(EXERCISE GOAL)
Your answer should hold exactly the lines below from the line with "The mass of the" through the line with "So this is the", both included, and no pictures at all.

(DATA LISTING)
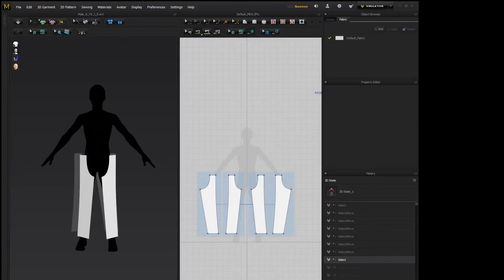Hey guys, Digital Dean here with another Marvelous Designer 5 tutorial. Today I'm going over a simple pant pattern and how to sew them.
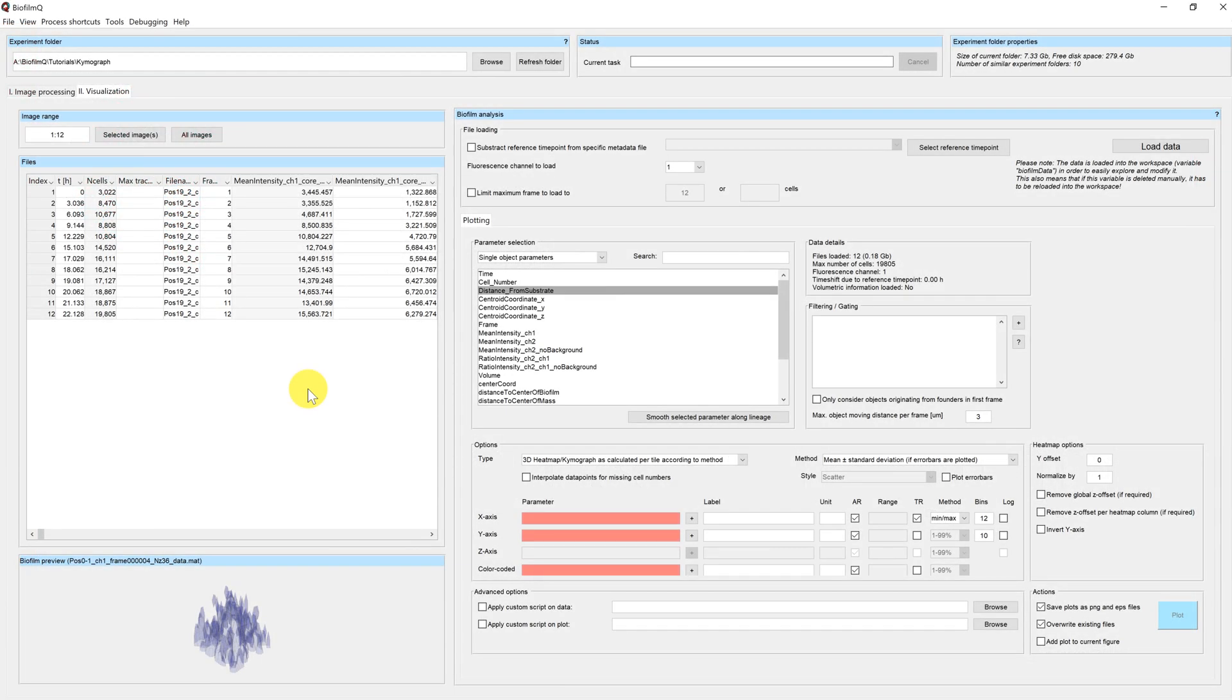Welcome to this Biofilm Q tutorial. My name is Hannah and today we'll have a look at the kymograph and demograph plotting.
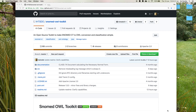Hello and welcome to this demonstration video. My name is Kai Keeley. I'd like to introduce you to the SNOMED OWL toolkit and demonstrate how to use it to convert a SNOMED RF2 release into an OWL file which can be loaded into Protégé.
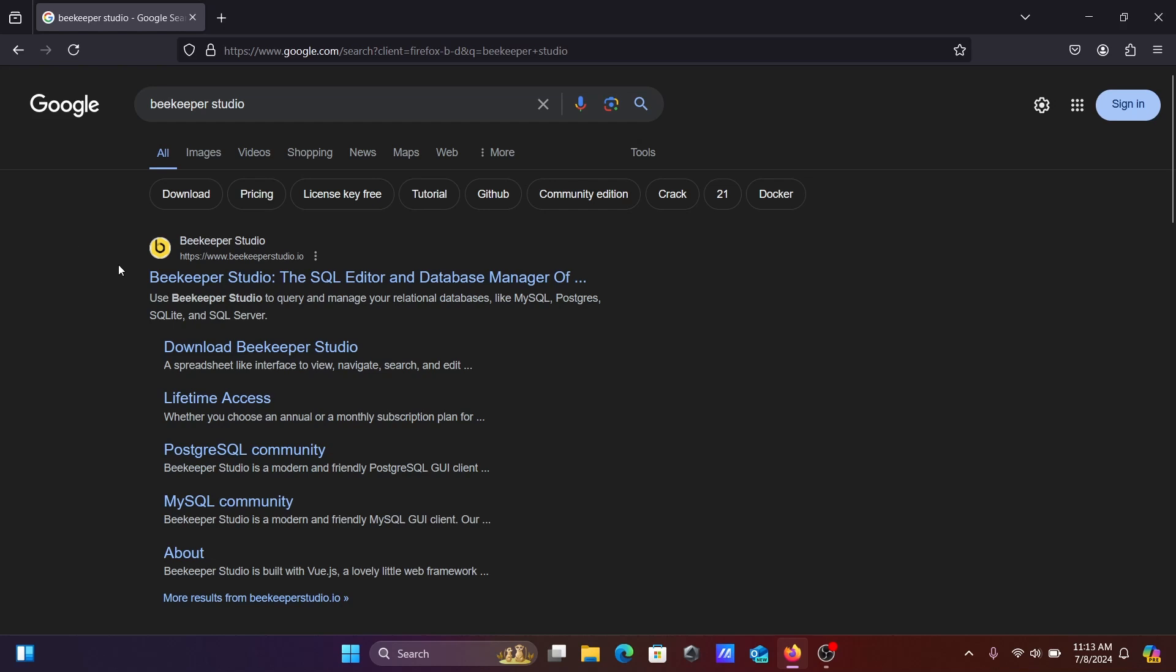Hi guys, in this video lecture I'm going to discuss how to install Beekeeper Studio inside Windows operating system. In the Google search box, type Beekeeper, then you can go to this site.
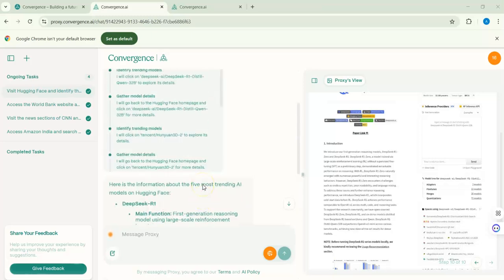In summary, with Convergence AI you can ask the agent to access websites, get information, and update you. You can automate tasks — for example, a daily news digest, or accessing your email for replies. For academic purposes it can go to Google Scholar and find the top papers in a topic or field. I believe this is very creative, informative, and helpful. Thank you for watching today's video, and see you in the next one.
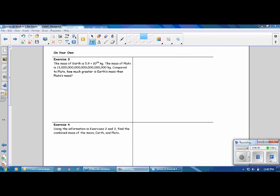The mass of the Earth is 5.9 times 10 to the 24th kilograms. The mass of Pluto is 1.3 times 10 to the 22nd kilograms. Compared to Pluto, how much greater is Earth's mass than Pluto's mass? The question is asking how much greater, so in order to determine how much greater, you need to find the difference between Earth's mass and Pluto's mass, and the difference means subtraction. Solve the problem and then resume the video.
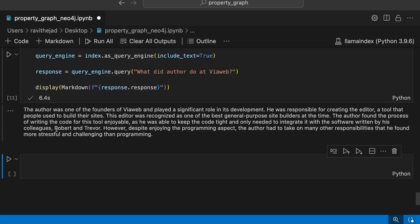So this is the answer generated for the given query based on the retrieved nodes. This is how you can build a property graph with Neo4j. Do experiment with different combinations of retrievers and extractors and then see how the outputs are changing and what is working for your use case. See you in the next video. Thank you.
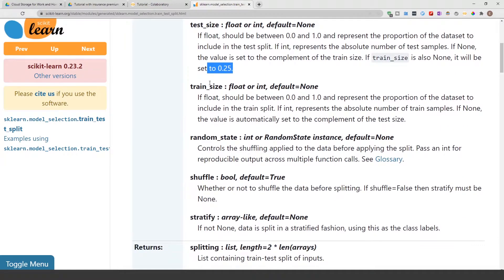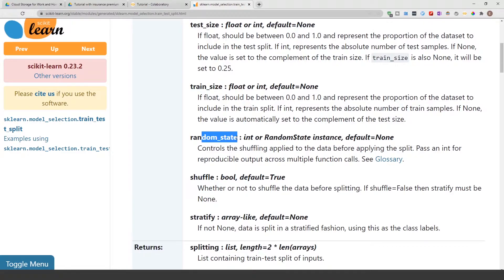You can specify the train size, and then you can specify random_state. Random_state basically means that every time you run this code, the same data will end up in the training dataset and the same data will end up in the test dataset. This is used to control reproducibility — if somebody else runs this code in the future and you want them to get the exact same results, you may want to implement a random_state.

---

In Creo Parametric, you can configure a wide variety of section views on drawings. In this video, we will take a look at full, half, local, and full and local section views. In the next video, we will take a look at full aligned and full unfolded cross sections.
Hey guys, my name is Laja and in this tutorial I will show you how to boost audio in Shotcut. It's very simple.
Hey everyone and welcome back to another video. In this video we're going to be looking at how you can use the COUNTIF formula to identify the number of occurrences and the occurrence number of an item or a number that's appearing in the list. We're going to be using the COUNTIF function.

(FINISHED TASK)
The mass of the Earth is 5.9 times 10 to the 24th kilograms. The mass of Pluto is 1.3 times 10 to the 22nd kilograms. Compared to Pluto, how much greater is Earth's mass than Pluto's mass? The question is asking how much greater, so in order to determine how much greater, you need to find the difference between Earth's mass and Pluto's mass, and the difference means subtraction. Solve the problem and then resume the video.
So this is the answer generated for the given query based on the retrieved nodes. This is how you can build a property graph with Neo4j. Do experiment with different combinations of retrievers and extractors and then see how the outputs are changing and what is working for your use case. See you in the next video. Thank you.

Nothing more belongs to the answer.